# MATERIAL PROVIDED:

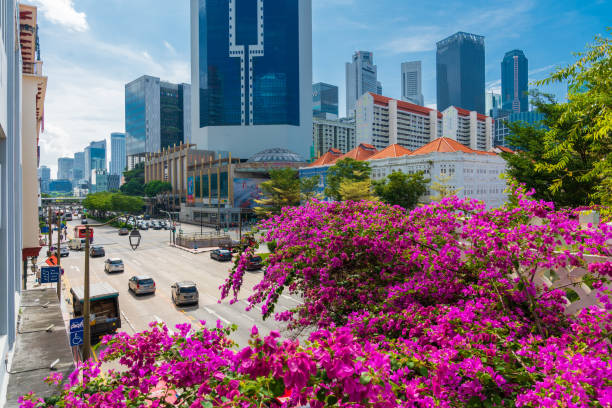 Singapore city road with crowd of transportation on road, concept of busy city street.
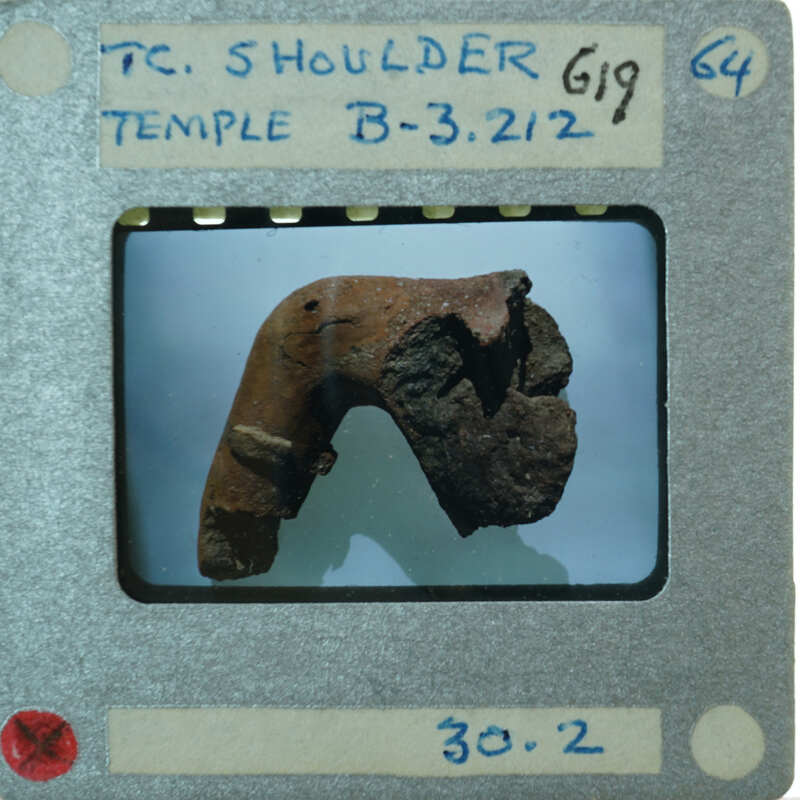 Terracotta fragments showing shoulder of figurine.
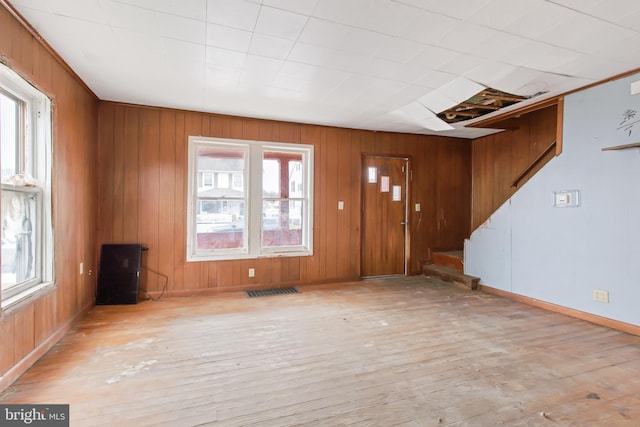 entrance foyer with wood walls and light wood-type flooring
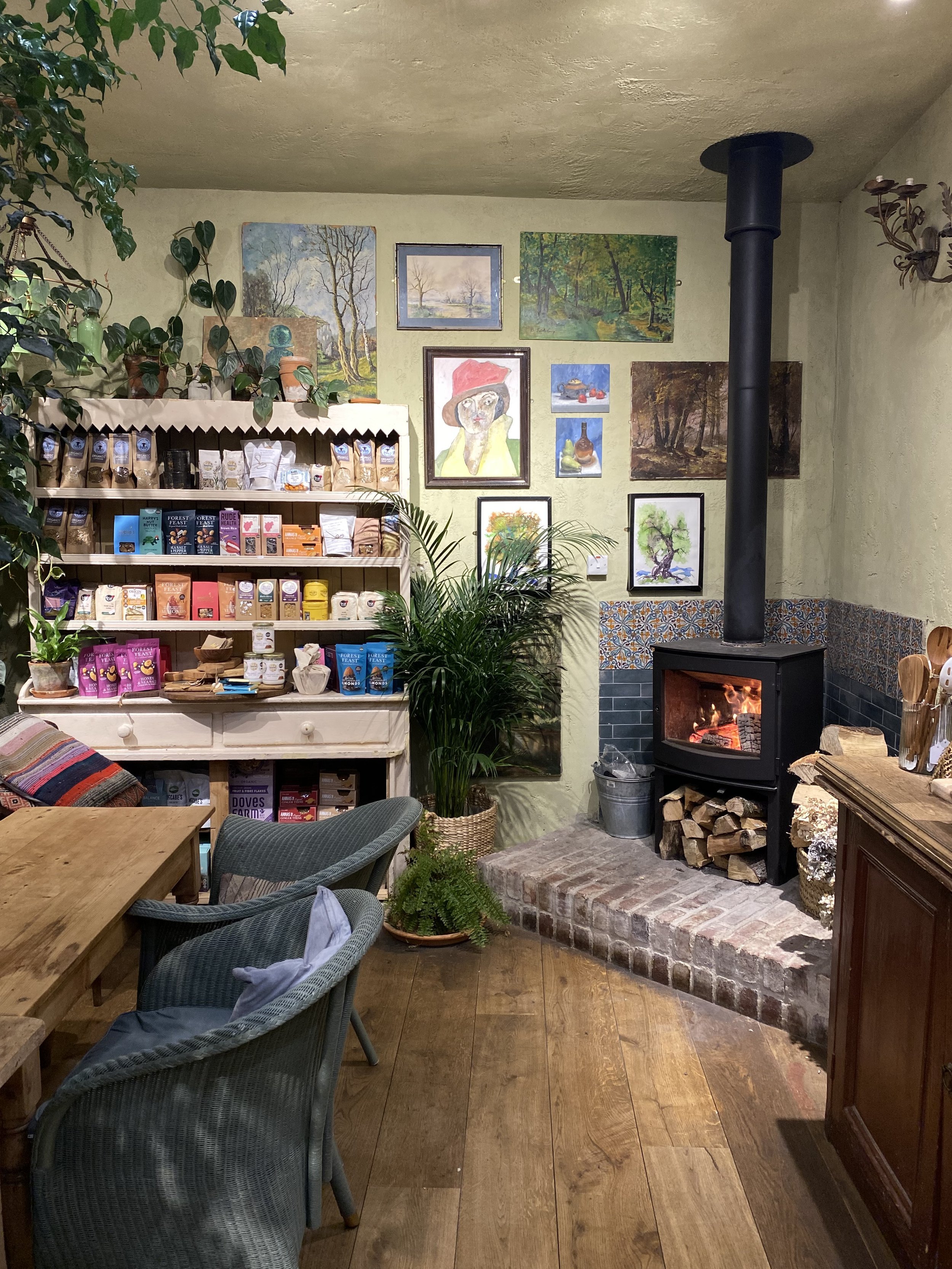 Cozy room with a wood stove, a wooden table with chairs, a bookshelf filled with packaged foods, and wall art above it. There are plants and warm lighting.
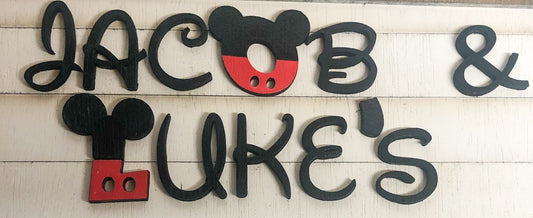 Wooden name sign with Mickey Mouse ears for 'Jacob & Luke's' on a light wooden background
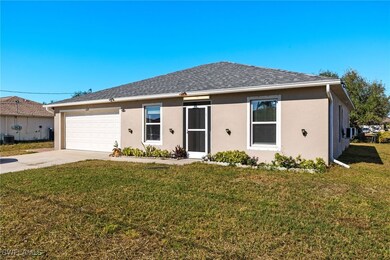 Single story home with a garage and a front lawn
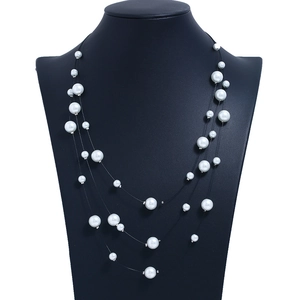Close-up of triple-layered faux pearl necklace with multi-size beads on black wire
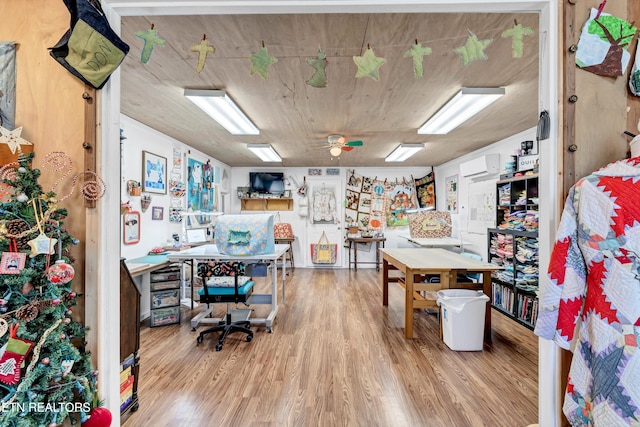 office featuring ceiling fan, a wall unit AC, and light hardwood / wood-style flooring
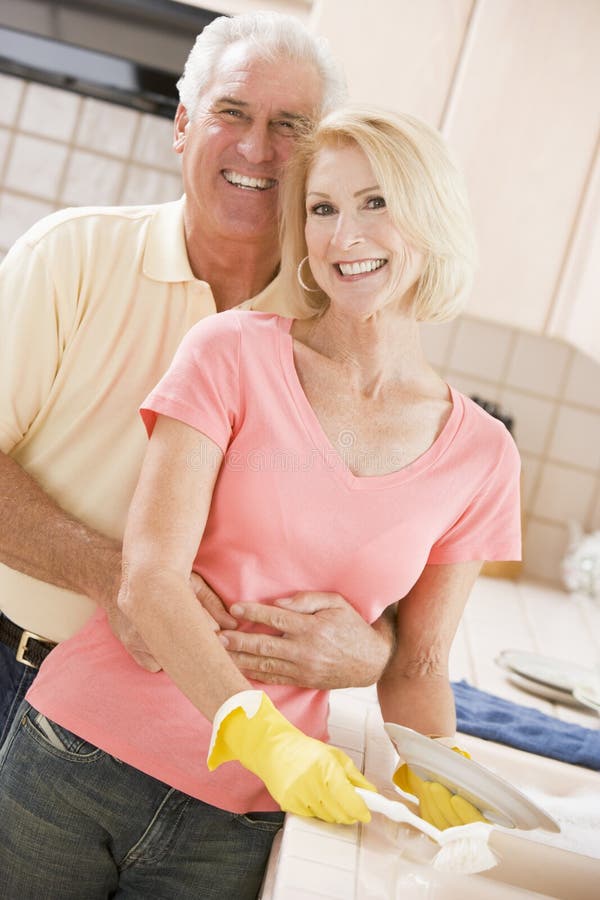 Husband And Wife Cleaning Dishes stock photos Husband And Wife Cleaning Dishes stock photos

--

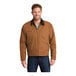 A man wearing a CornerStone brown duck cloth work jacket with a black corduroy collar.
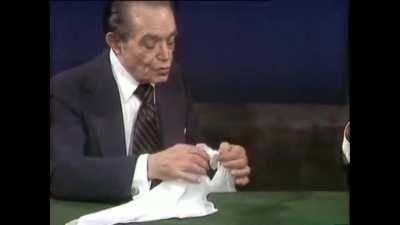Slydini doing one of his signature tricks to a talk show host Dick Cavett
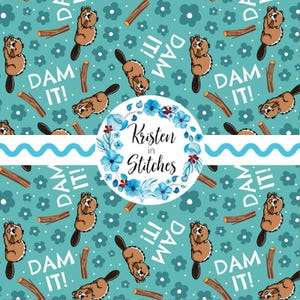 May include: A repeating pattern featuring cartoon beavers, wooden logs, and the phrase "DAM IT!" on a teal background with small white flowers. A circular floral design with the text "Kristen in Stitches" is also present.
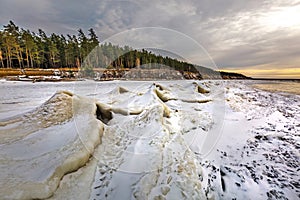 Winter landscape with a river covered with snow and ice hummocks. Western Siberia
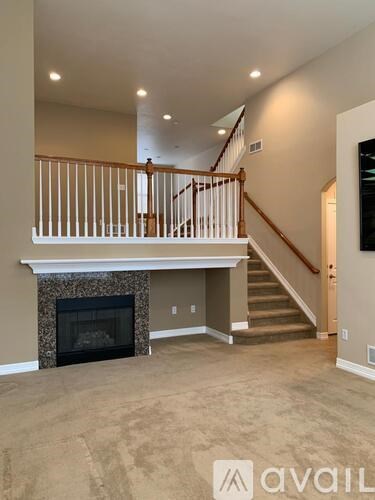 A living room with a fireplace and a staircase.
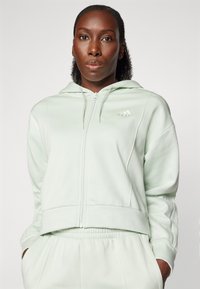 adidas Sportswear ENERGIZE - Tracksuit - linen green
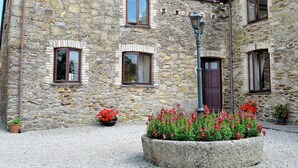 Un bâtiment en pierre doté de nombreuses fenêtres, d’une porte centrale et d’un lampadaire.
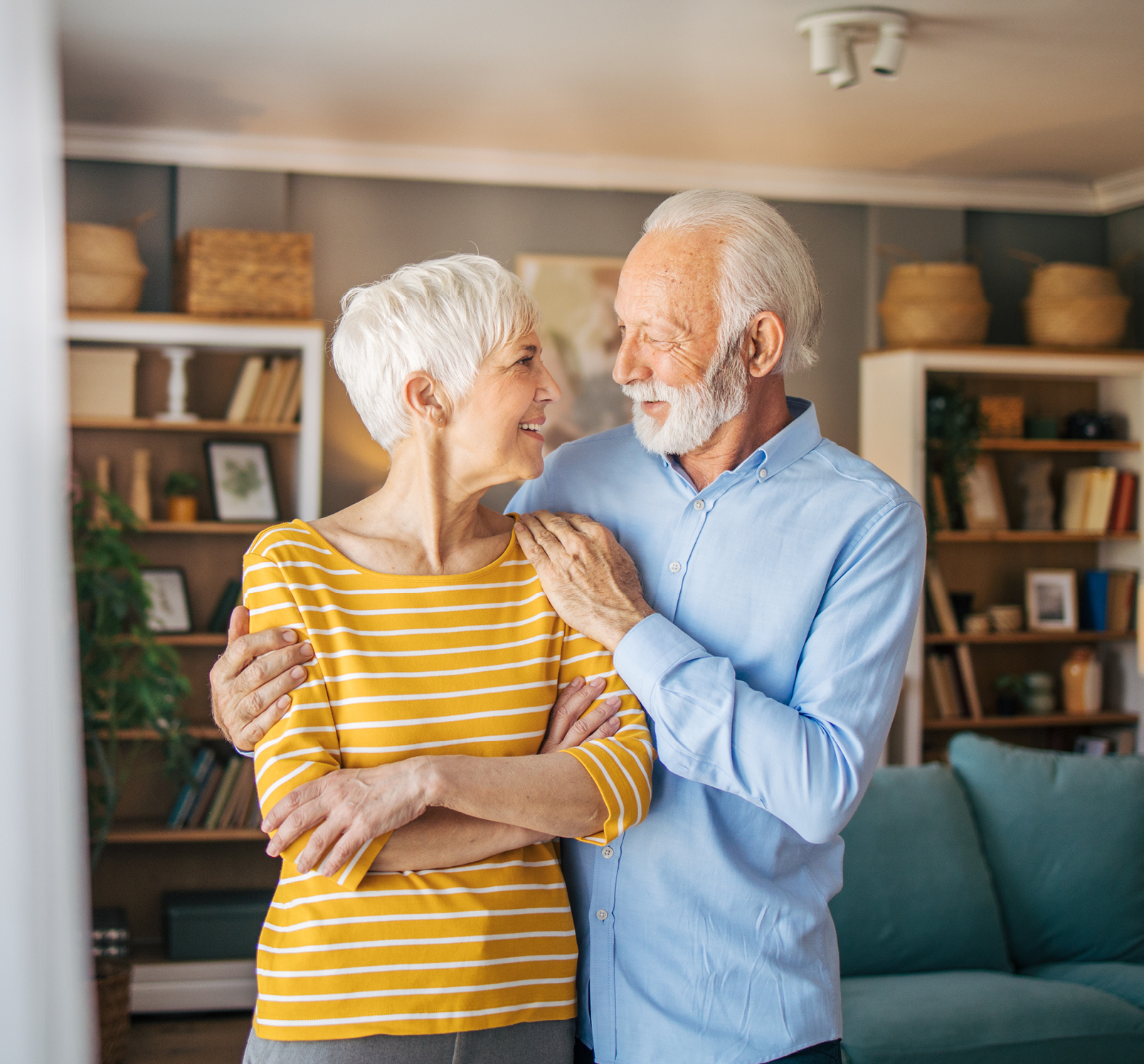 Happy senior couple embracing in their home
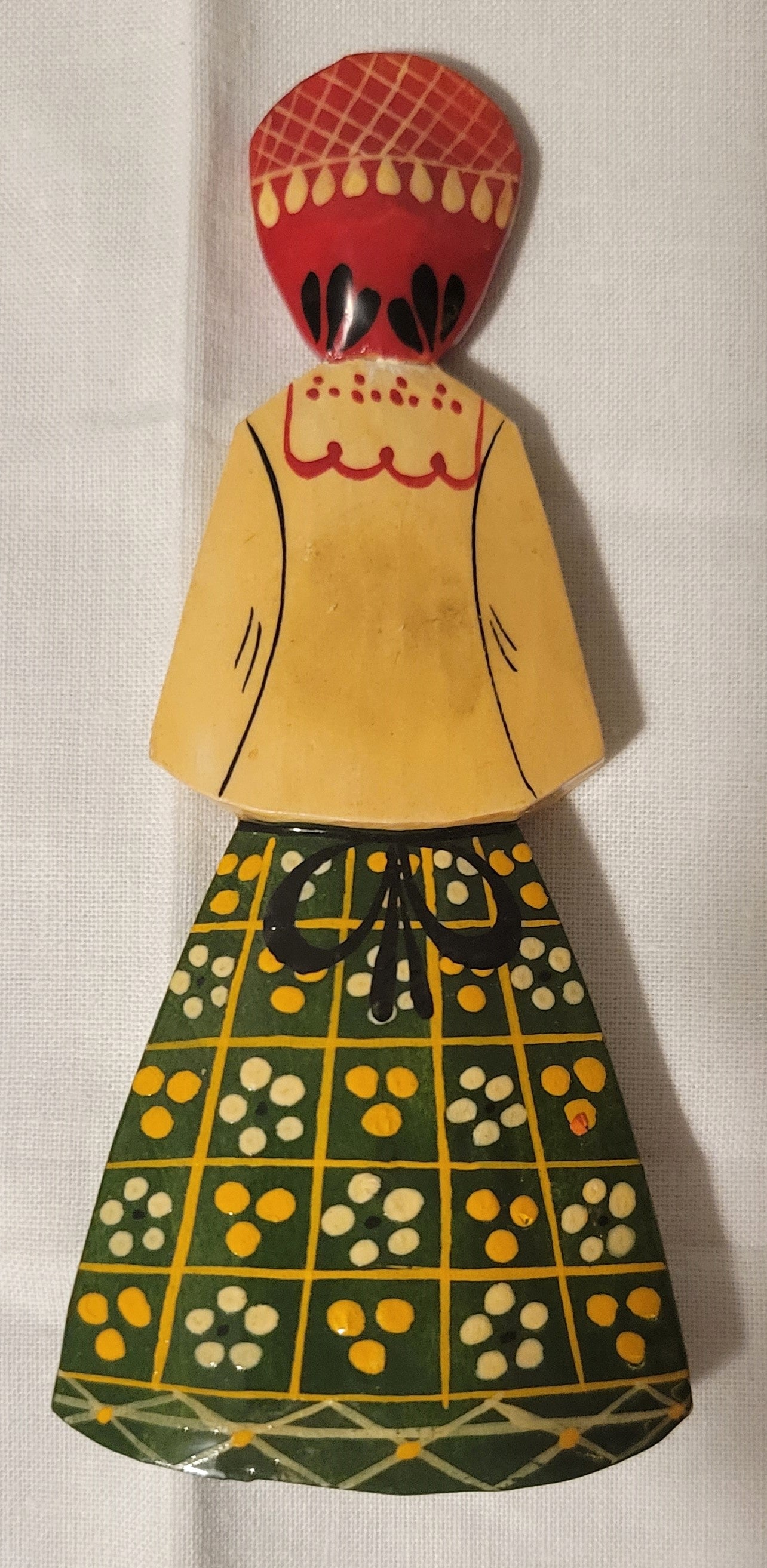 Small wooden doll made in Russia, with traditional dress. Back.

...

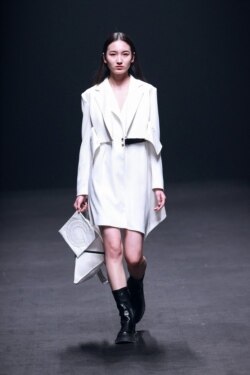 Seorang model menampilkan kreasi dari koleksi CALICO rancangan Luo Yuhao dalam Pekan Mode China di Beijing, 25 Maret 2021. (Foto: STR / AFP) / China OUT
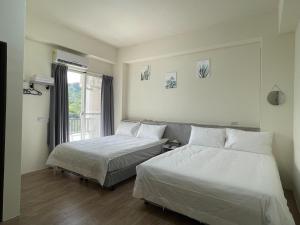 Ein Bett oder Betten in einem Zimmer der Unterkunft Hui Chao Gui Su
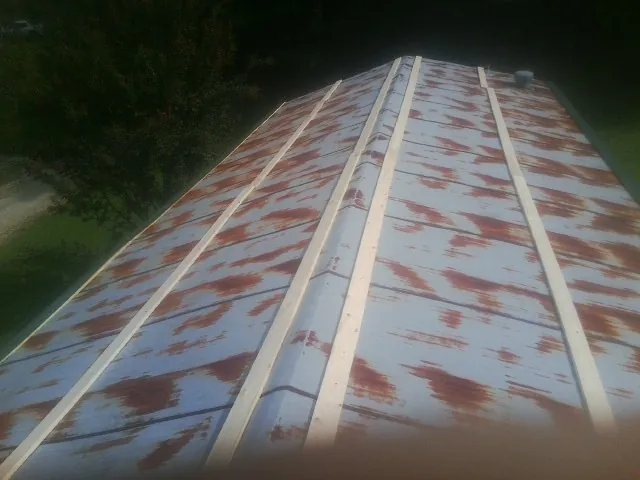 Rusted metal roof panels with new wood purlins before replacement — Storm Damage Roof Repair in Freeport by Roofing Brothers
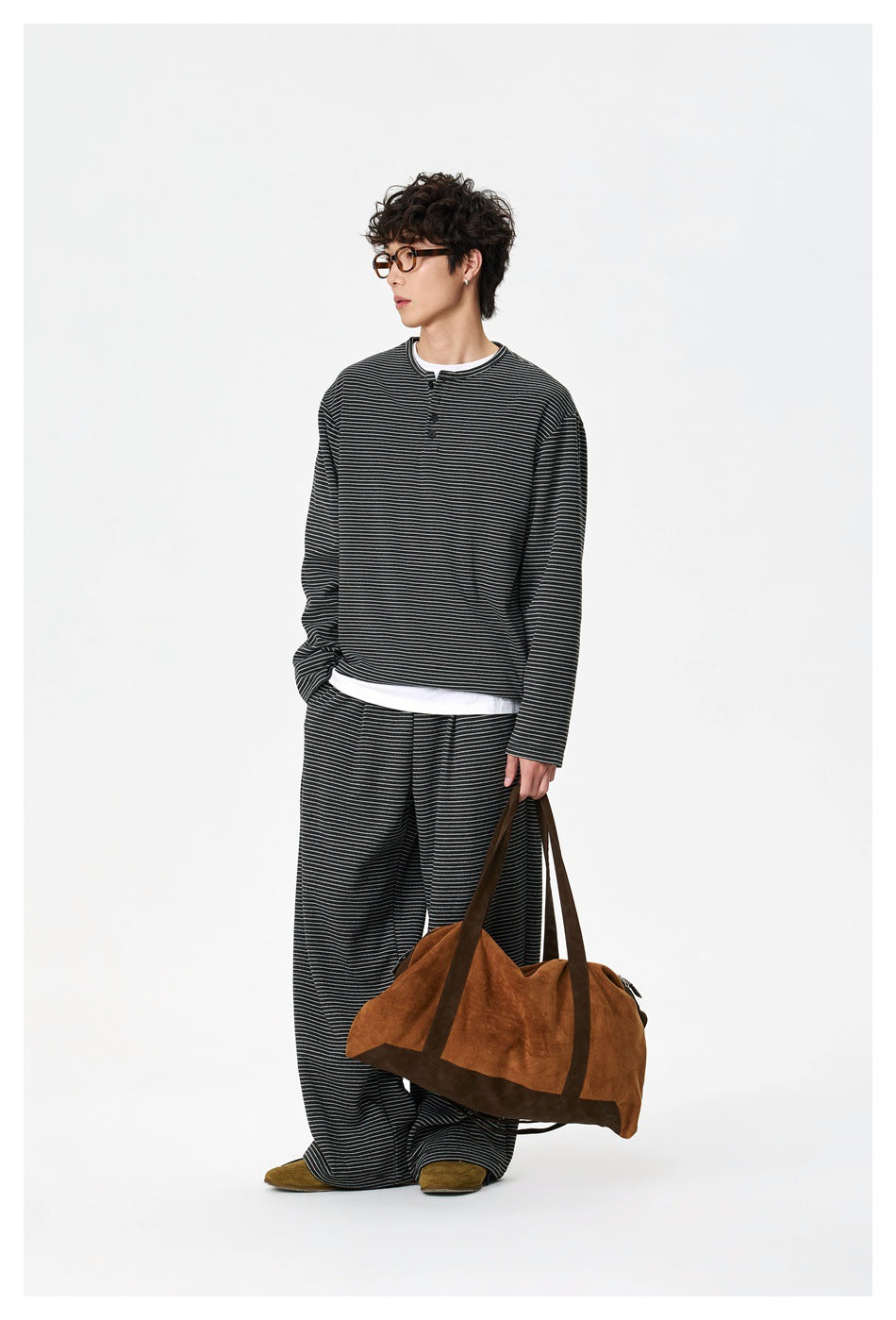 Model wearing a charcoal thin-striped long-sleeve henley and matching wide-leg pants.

# INSTRUCTIONS TO FOLLOW:
Reproduce the data above exactly, but only the lines from the one showing "Happy senior couple embracing in their home" through the one showing "Small wooden doll", with both ends kept and the pictures left out.

# SOLUTION BELOW:
 Happy senior couple embracing in their home
 Small wooden doll made in Russia, with traditional dress. Back.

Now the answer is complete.